Oracle refreshes Berkeley DB

Still no stack

Seven months after purchasing Sleepycat Software, Oracle has updated the newest member of its embedded database family.

Oracle Berkeley DB Release 4.5, released today, adds multi-version concurrency control, enables upgrades without the downtime, and provides a replication framework for users to quickly build highly available systems.

According to Oracle, the new features will reduce the complexity of database architectures and help developers quickly build and deploy applications that need fast and reliable storage, without the need for further human administration.

Oracle closed its Sleepycat acquisition in February in a move that left some scratching their heads over the company's open source database plans.

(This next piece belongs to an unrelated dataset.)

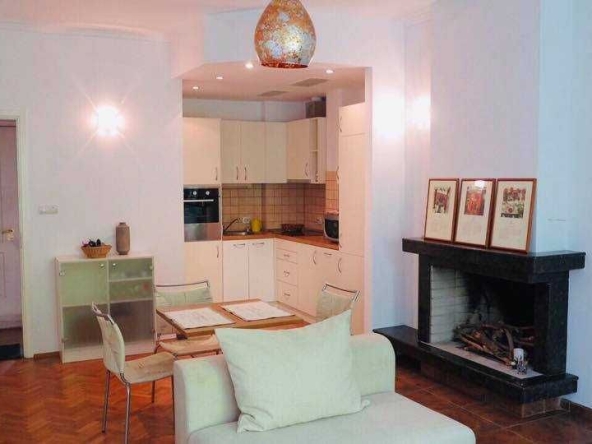 Дава се под наем Тристаен апартамент в София, Център - 100 кв.м за 860 € - Снимка #1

Oracle purchased the InnoDB storage engine in October 2005 which led observers to conclude an Oracle open source stack was coming.

That stack appeared stillborn, though, once JBoss slipped through Oracle's fingers and went to Red Hat earlier this year.

Oracle is now positioning Sleepycat as part of a "comprehensive embeddable product line" that includes the TimesTen In-Memory Database, Oracle Database Lite 10g, Oracle Database 10g and Oracle Application Server 10g for ISVs and OEMs.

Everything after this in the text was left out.